In every case where I've seen this problem, it's a matter of people either not storing the timezone along with the local time, or not storing in UTC time. A local time with a timezone is a unique time, it does not occur twice. A UTC time additionally does not occur twice. Store a time zone along with the date and time or store in UTC and convert on use.
Note: If there are instances where a second is repeated, it's rare special occurrence that developing a formalized interface for seems like overkill.
If you define timezone as an IANA timezone, this is incorrect: a whole slew of local times repeat during a DST fallback event: you'll have a (1:30 AM (dst=True), America/New_York), and then a (1:30 AM (dst=False), America/New_York); that "dst=True|False" bit is the only difference, and that needs to get stored. If you consider "America/New_York" to be the TZ, then storing that bit on the TZ isn't appropriate, as it depends on a particular timestamp.
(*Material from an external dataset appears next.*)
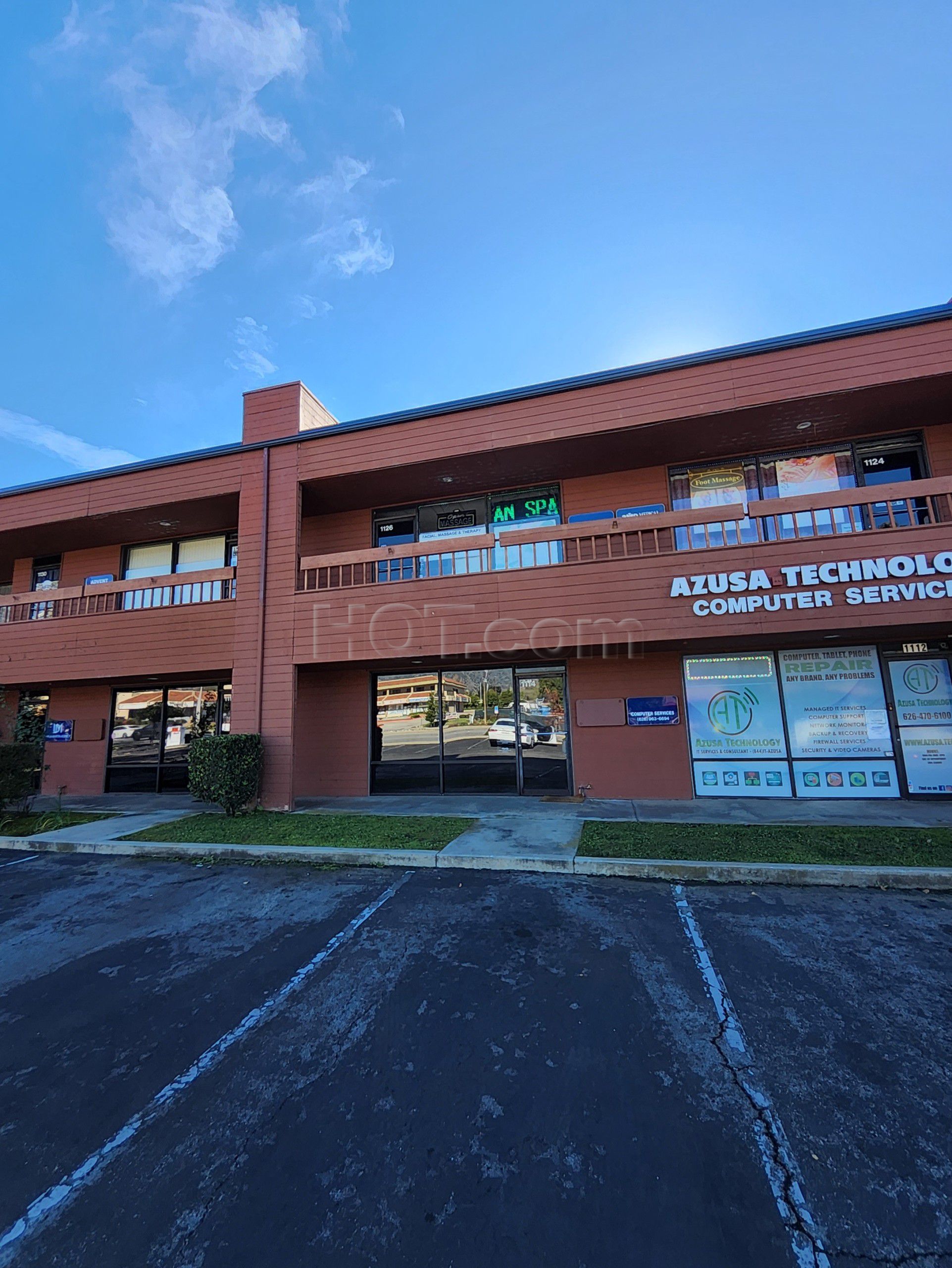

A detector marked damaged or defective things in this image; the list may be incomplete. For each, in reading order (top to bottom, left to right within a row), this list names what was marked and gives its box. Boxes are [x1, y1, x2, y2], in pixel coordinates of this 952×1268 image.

cracked asphalt [0, 852, 948, 1268]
If you've ever worked with PyTZ, there's a sort of rule of "just call normalize() always"; otherwise, you'll get funny answers to some introspections on the datetime instance: things like the offset being not what a local would say the offset should be. My understanding is that pytz stores the dst flag on the timezone instance itself; things get funny because the timezone instance is not given a chance to update after arithmetic on the datetime instance.
(Really, I feel like the whole thing would work better if there was a separate class for "instant in time" and a function for, "convert this instant in time to Gregorian year/month/day/etc. in this TZ", which then returned a broken-out-type. (And a reverse, of course, for building "Instant" instances.))
UTC datetime + IANA TZ (if relevant) is the way to go. Alas, not all data is so nice.
Personally, I just always convert to UTC and store that. It changes the problem from one of data fidelity to display or computation annoyance, and annoyances are easy to reduce or eliminate with tooling.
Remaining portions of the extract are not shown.